__Exercise__:
Every entry that follows is to be set down exactly, with its pictures omitted.

__Records for this task__:
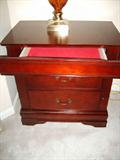Beautiful Two Drawer Nightstands! (pair)
This piece is a solid cherry with one privacy drawer adorned with an elegant red felt inlay. Normal signs of use or wear should be expected such as minor nicks, dings or light rubs but otherwise this piece is in great condition and would make a gorgeous addition to any bedroom.
Size: 27" by 18"
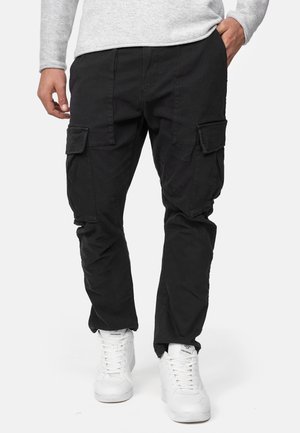 Pantaloni cargo neri con una vestibilità rilassata, dotati di molteplici tasche laterali, realizzati in tessuto resistente, abbinati a sneakers bianche.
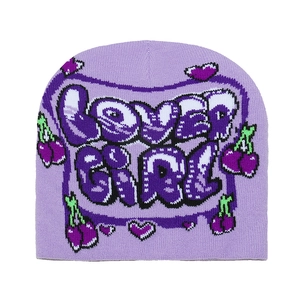 Detailed knit texture of purple beanie with LOVER GIRL text and cherry pattern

__Task output__:
Beautiful Two Drawer Nightstands! (pair)
This piece is a solid cherry with one privacy drawer adorned with an elegant red felt inlay. Normal signs of use or wear should be expected such as minor nicks, dings or light rubs but otherwise this piece is in great condition and would make a gorgeous addition to any bedroom.
Size: 27" by 18"
 Pantaloni cargo neri con una vestibilità rilassata, dotati di molteplici tasche laterali, realizzati in tessuto resistente, abbinati a sneakers bianche.
 Detailed knit texture of purple beanie with LOVER GIRL text and cherry pattern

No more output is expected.